The garbage police are back!
The Mamdani administration has quietly resumed slapping New Yorkers with hefty fines for tossing food scraps in the trash instead of the compost, The Post has learned.
The Sanitation Department has issued 516 summonses so far this year – ending a temporary enforcement pause on the composting mandate that former Mayor Eric Adams implemented last spring.
It also means the city made at least $12,900 off those unwilling to follow the compost mandate, which went into effect last April.
Summons range from $25 for first offenders who own small homes — but could rise to as much as $300 for repeat offenders who own buildings with more than eight units.
The 516 tickets are more than 13 times the amount that were doled out from May to December in 2025, when Adams decided to only penalize properties that repeatedly failed to separate their food scraps from their regular trash, records show.
DSNY issued a whopping 42,844 compost-related warnings from April through December, compared to just four so far this year, records show.
Enforcement is expected to beef up as the weather warms and the mandate approaches its first birthday, but some say New Yorkers still aren’t ready to fully convert to composting rules.
Staten Island councilmembers David Carr, Frank Morano and Kamila Hanks penned a letter to the Department of Transportation this week saying that while they support the program, they believe fines should still be a long way off.
“The current enforcement approach risks penalizing residents who have not yet received adequate notice, education or guidance about how the program works,” the bipartisan trio wrote.
The politicians asked for city to instead ramp up education outreach, including confirmation that the trash separation would be well worth the headache.

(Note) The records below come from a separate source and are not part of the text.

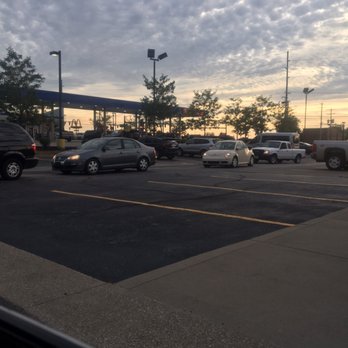 Taco Bell - End of the drive through line Saturday 6:30 pm - Fast Food Near Me - Wadsworth, Ohio Taco Bell - End of the drive through line Saturday 6:30 pm - Fast Food Near Me - Wadsworth, Ohio
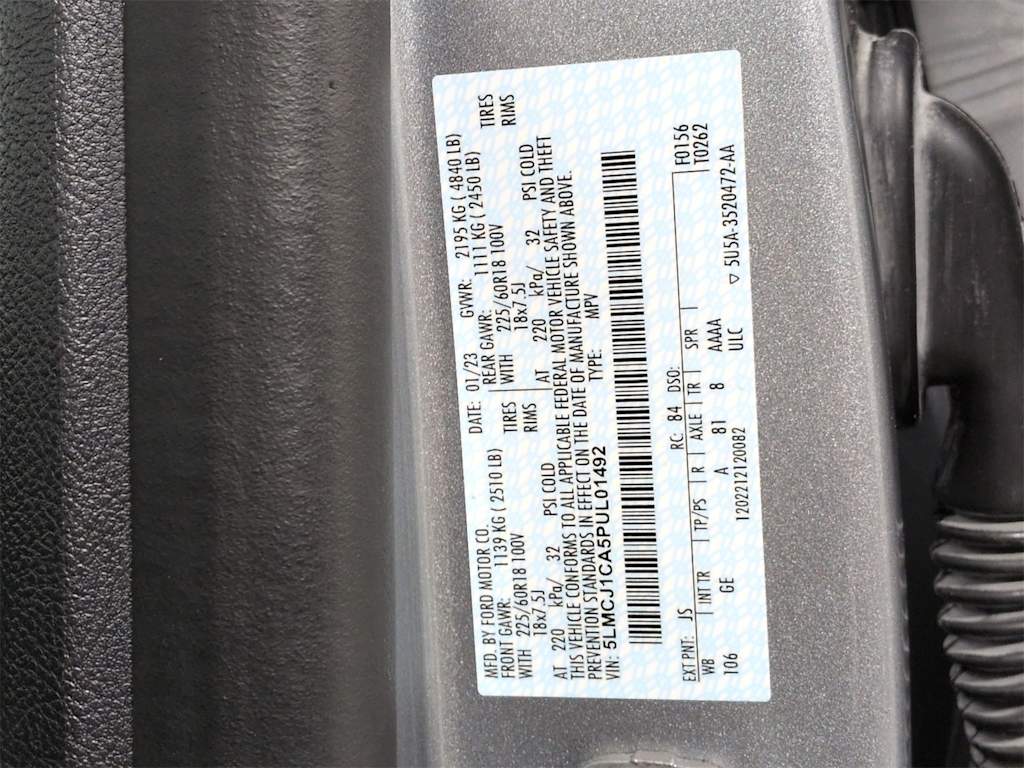 Thumbnail: 2023 Lincoln Corsair - 17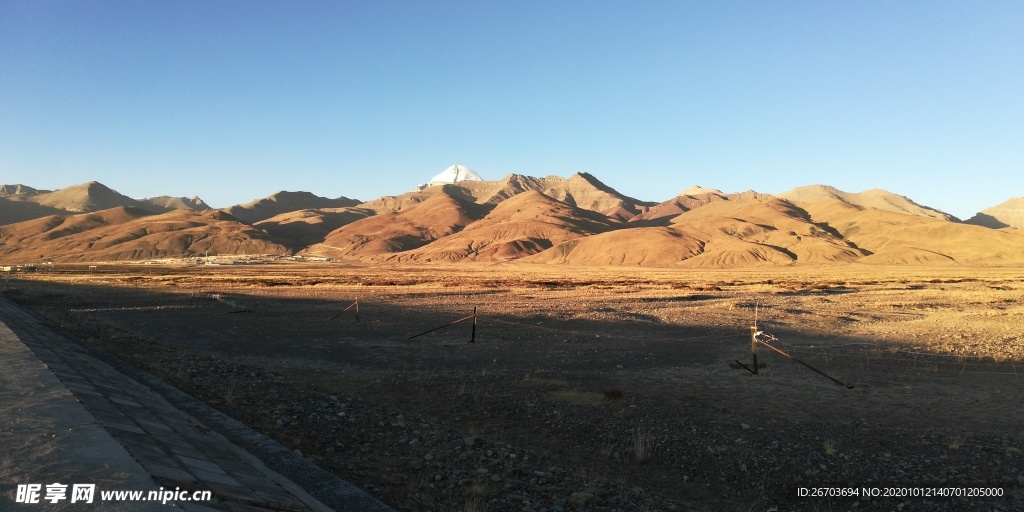 冈仁波齐雪山风光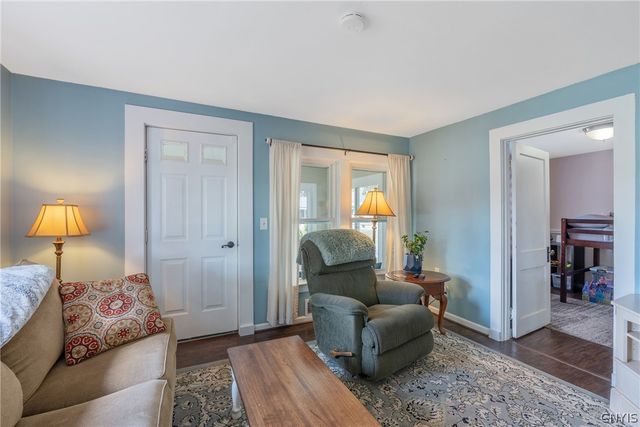 102 Marsden Road, Salina, NY 13208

The DSNY started enforcement with a bang last April, issuing 4,339 fines that month before Adams – who was then flirting with a re-election bid – opted to temporarily roll back enforcement following widespread anger and confusion over the guidelines.
Landlords and property managers decried the mandate as unsustainable, arguing that it would force their staff to dumpster-dive to separate the food scraps that their tenants — benefiting from the anonymity granted by trash chutes — declined to sort.
But the initiative was successful in its first few weeks before Adams’ intervention, with the DSNY collecting record-breaking amounts of compostable materials each week.
In its first week, the program collected 3.8 million pounds of food scraps — equal in weight to eight and a half Statues of Liberty.